Even with the support of a dedicated and proactive Second-in-Command, Company Sergeant Major and Training Warrant Officer, these two things take up at least eighty percent of my parade time. Tuesday parade nights are usually purely reactionary: there are often meetings that I need to attend during the parade night, and it can take more than three hours just for me to action the emails I receive each week. This is not simply a matter of poor time management on my part either. Most of the emails that I receive are very important to someone: a Private nominating to attend a promotion course; the Commanding Officer directing me to meet a new mandatory training requirement that they are accountable for implementing; or anything in between. The tongue-in-cheek saying I’ve heard on occasion that the Army Reserve is ‘a part time Army with a full-time admin load’ did not come about for nothing! The best I can usually do is prioritise the correspondence by its urgency. There is no practical way to ignore any of this correspondence without potentially significant adverse consequences for someone.
Regarding the sub-unit training program, the requirement to train personnel in preparation for unit-level training activities has greatly limited my own freedom to set the direction of this program. Mandatory training requirements, which seem to grow each year, have been an additional limitation to my own freedom of action to determine how to use my Company’s training time.

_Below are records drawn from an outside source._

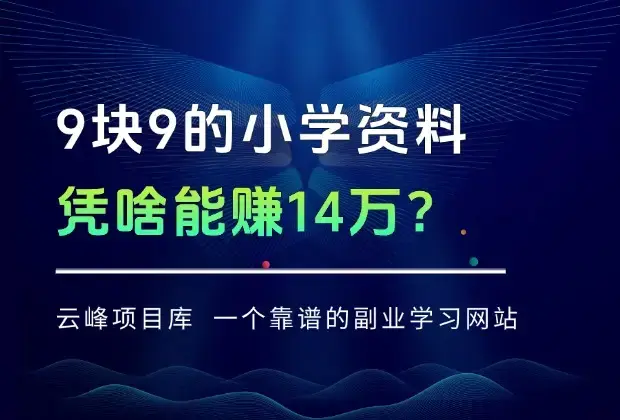 9块9的小学资料，凭啥能赚14万？（保姆级拆解）_知客圈
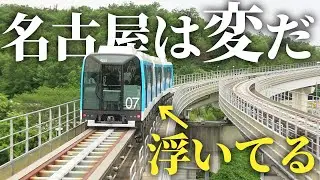 【なんじゃこれ】名古屋を走る変な乗り物に乗りまくる！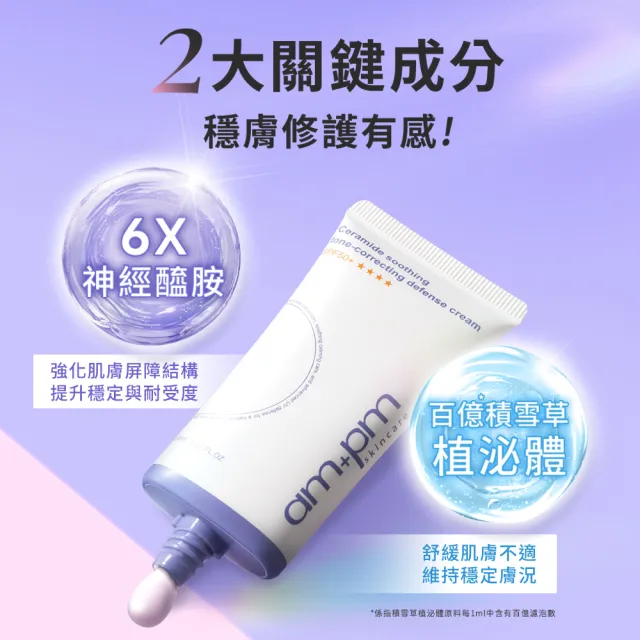 【ampm 牛爾】10%神經醯胺精華+潤色防護乳SPF50 35ml+乳霜噴霧100ml(保養修護/臉部保養/保濕)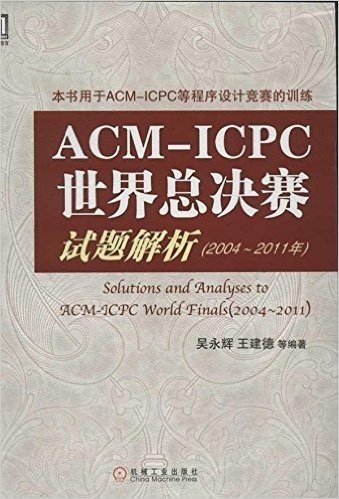 华章教育•ACM-ICPC世界总决赛试题解析(2004-2011年)
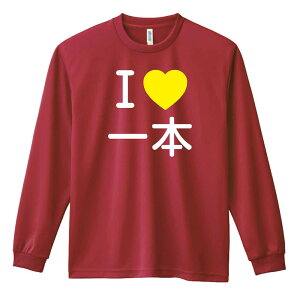 _10%OFFN[|^ EiZ T TVc Y fB[X WjA K hC  tVc ӂ   LbY ꖳ uI LOVE {v A[g[NX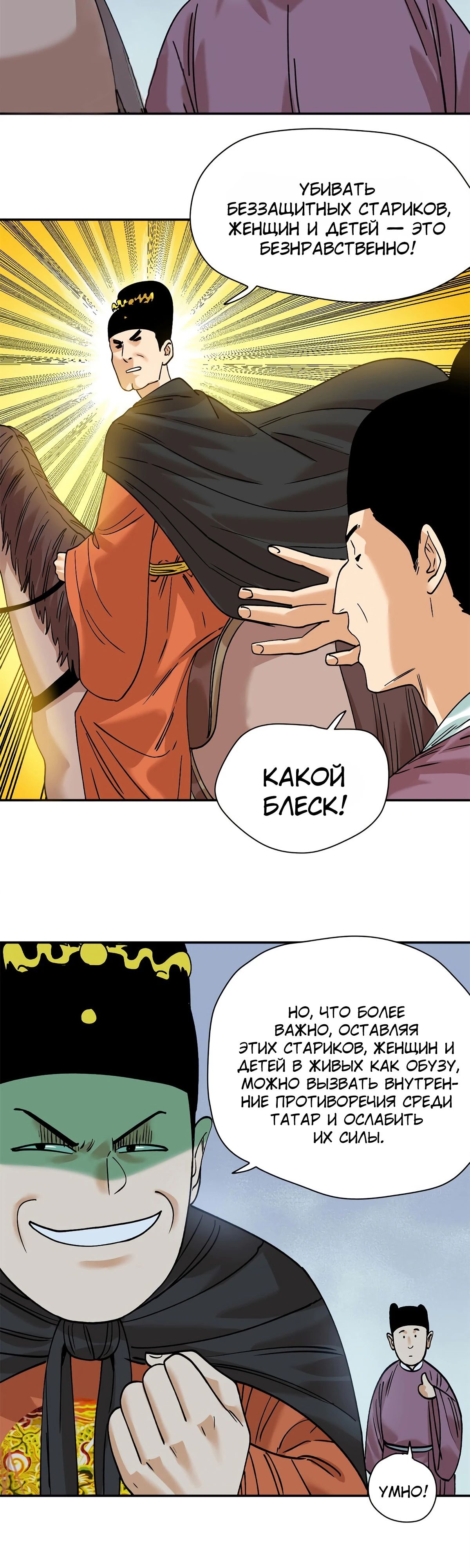 Манга Неудачник династии Мин - Глава 291 Страница 8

The lesson here is that one needs to become good at accurately anticipating what the future requirements from higher levels will be, and then shape the sub-unit training program considering this anticipation. I have achieved this largely by referring to the unit training program (and, in the readying year, the Battlegroup Jacka exercise schedule) several months in advance, and assessing what lead-up training is likely to be needed for scheduled activities. This has been accompanied by the need to be vigilant in adjusting my sub-unit’s training program as higher plans are themselves adjusted. The art of sub-unit command in this area is therefore aligning my own execution as closely as possible to a higher commander’s intent. It is not in setting the intent itself, which was my initial (incorrect) expectation.
Find time to be proactive outside of Tuesday parade nights. As elaborated above, it is difficult for me to do anything on a Tuesday parade night beyond attending meetings and reacting to incoming correspondence. As a result, my advice is to plan deliberately to be reactionary on Tuesday parade nights. This generates another need, which is to plan time outside of parade nights to be proactive in managing the sub-unit. I did not achieve this until the second half of my first year in command, and I did it by taking a day a week off of my civilian job on Army Reserve leave for a period of about three months. This gave me a chance to be proactive in shaping the sub-unit’s activities. During this period I was able to realign the sub-unit training program in anticipation of higher’s intent, check up on platoon commander notebooks and get to know my subordinates better, and, in a team with key sub-unit staff, complete the planning for more detailed sub-unit activities including training weekends.
It is always hard for Reservists to make this additional time to be proactive, but it is nevertheless vital if one is to be anything other than reactionary. For me, an annual cycle seems to be feasible, but constant additional time off from work does not. After the three months in which I was able to take an additional day a week off of work for Army, there was another six months wherein I was not able to do this. The result was that I again became reactionary during this period. This on-again-off-again approach is better than nothing but is certainly not ideal. For me, the compromise has been necessary to achieve a feasible work-life-Army balance. I have had to use my proactive periods to set things up for the times when I again need to focus on my civilian work, and vice versa. Regardless of how each Army Reserve sub-unit commander is able to achieve it—the situation will be different for everyone—finding time outside of Tuesday parade nights to be proactive is vital to success.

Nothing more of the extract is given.